Kates resists being sentenced as a career offender under U.S. Sentencing Guidelines Manual § 4B1.1, i.e., a person who had at least two prior felony convictions of a controlled substance offense. Kates denies that he has two previous relevant felony convictions because he was arrested for two separate offenses on the same day and was sentenced for those offenses on the same day.
If the defendant's prior convictions constitute "related cases" within the meaning of U.S. Sentencing Guidelines Manual § 4A1.2(a)(2), they will not be treated separately for career offender purposes. The official commentary to that guideline states that "prior sentences are considered related if they resulted from offenses that (1) occurred on the same occasion, (2) were part of a single common scheme or plan, or (3) were consolidated for trial or sentencing." U.S. Sentencing Guidelines Manual § 4A1.2 cmt. 3. This court has held that "a finding that prior cases were 'consolidated' will require some factual connexity between them, or else a finding that the cases were merged for trial or sentencing." United States v. Huskey, 137 F.3d 283, 288 (5th Cir.1998). Either a formal order of consolidation or the listing of the two offenses in the same criminal information under the same docket number is sufficient to find that two separate offenses were consolidated. See id. By contrast, neither the fact that sentencing for both offenses occurs on the same day (and/or in the same proceeding) nor the imposition of identical, concurrent sentences is sufficient to find that factually distinct offenses were "related cases." See id.

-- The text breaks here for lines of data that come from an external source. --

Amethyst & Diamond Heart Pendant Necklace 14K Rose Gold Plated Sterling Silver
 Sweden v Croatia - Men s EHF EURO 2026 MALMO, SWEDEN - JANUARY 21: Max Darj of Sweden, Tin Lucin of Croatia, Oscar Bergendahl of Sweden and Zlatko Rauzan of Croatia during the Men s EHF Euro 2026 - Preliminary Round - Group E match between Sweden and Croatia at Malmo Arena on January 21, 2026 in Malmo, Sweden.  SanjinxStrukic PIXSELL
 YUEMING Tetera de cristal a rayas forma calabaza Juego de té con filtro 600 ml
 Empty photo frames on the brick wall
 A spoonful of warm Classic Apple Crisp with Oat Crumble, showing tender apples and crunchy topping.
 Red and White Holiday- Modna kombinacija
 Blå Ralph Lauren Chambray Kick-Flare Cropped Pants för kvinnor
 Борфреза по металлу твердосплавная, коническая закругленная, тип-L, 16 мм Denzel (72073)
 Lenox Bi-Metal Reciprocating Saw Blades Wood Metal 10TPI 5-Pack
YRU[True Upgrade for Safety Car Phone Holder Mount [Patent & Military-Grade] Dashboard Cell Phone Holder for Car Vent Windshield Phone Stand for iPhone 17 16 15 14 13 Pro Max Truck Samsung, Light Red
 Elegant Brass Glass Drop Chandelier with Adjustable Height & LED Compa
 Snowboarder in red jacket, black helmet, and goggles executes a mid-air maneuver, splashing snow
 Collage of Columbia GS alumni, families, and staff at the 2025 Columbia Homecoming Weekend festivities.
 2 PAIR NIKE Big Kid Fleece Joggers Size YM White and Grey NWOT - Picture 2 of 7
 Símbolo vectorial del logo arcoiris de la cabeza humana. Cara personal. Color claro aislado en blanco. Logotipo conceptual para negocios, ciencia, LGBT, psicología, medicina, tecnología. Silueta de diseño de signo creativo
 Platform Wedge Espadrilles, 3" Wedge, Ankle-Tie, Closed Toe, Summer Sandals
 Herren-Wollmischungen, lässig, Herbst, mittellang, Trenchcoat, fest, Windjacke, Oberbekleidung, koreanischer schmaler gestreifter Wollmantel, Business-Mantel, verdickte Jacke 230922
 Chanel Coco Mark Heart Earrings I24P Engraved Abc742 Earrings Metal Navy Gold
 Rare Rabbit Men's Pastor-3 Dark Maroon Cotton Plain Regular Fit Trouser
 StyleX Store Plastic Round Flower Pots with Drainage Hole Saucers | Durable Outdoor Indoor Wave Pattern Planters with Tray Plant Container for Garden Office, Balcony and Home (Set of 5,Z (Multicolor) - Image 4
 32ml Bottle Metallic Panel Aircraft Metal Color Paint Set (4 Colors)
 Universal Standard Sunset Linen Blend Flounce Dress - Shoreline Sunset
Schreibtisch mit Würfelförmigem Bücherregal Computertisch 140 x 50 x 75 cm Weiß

Kates's previous state court convictions arise from his delivery of cocaine to an undercover agent on May 11, 1991, and the separate delivery of cocaine to another undercover agent one week later. Kates was arrested for the offenses on the same day. Two indictments were returned against him, and the cases were not formally consolidated. Kates received concurrent but different sentences from a single judge: he was sentenced to ten years deferred probation for one offense and ten years straight probation for the other. Kates was paroled on each offense on the same day. These coinciding events are not, however, sufficient to find consolidation under Fifth Circuit precedent. See, e.g., United States v. Garcia, 962 F.2d 479, 482-83 (5th Cir.1992). This court has rejected the proposition that cases must be considered consolidated simply because two convictions have concurrent sentences. See id. at 482. Moreover, as Huskey demonstrates, the simultaneous disposition of two separate cases does not amount to consolidation for guidelines purposes. Kates's arguments based on case law from the Ninth Circuit or disagreement with this circuit's precedent will not suffice to overcome the career offender enhancement.
For the foregoing reasons, the judgment of conviction and sentence are AFFIRMED.